De schriftelijke neerslag van de uitzending wordt bewaard in het archief van Van Dis. Niet enkel Breytenbach, maar ook Mazisi Kunene (1930-2006), leider van het African United Front in Londen, is bij die gelegenheid geïnterviewd. In de aankondiging van het dubbelinterview maakt Van Dis zijn standpunt tegenover apartheid duidelijk:

De gemiddelde Nederlander weet iets van de zwarte in Zuid-Afrika door de apartheidspolitiek, maar heeft nauwelijks kennis van Zuid-Afrikaanse culturele producten. […] Vandaag zitten hier ogenschijnlijk twee uitersten tesamen. Een echte Zoeloe en een echte Afrikaner, maar dat verschil willen we niet zo benadrukken. Ze zijn beide Zuidafrikaner, beide ballingen.

Met deze openingszinnen is de toon van het interview meteen gezet. De nadruk ligt sterk op de antiapartheidsstrijd(ers). Het hoeft dan ook niet te verbazen dat de uitzending zowel voor als na Breytenbachs arrestatie en detentie heeft gezorgd voor overwegend politieke aandacht voor de schrijver in Nederland. Dit document laat zien dat niet enkel bekroningen, krantenrecensies, vertalingen, publieke optredens en commerciële uitgaven een bepalende rol gespeeld hebben in de beeldvorming over de dichter en diens rol in de (Nederlandse) antiapartheidsbeweging als politieke gevangene van het racistisch regime van Pretoria.

‘Strijd om Skryt

Artikel ‘Strijd om Skryt’, Delpher online (geraadpleegd op 12/12/2023).

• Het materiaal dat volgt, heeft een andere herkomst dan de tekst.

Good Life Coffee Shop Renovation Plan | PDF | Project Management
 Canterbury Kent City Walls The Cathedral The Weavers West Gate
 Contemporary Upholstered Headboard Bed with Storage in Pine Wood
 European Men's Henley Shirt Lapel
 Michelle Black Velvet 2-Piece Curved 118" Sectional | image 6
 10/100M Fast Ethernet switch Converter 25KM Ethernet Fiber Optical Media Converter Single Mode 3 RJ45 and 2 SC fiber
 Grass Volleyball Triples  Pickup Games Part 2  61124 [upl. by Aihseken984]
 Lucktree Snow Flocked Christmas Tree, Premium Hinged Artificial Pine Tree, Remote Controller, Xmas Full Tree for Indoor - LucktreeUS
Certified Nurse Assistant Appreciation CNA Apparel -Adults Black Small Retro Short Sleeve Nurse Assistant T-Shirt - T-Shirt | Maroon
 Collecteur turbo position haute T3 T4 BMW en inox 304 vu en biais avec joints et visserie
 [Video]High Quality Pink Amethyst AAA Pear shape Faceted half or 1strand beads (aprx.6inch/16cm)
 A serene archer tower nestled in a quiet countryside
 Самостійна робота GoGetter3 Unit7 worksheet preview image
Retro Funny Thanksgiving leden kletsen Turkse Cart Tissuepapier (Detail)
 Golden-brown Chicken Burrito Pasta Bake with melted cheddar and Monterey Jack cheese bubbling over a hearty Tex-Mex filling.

Tenslotte is er nog één interessant document van vlak voor de arrestatie, een artikel van Van Dis in NRC Handelsblad gepubliceerd op 4 juli 1975, met als titel ‘Strijd om Skryt. Censuur in Zuid-Afrika wordt scherper’. Dit schreef de auteur naar aanleiding van het verbieden van de bundel Skryt in Zuid-Afrika één week voordien. Het dichtwerk verschijnt in het fonds van Meulenhoff in de serie van Poetry International. Over Breytenbachs aanwezigheid op Poetry schreef T’Sjoen (2019c) eerder. Van Dis slaat in het krantenstuk een verontwaardigde toon aan.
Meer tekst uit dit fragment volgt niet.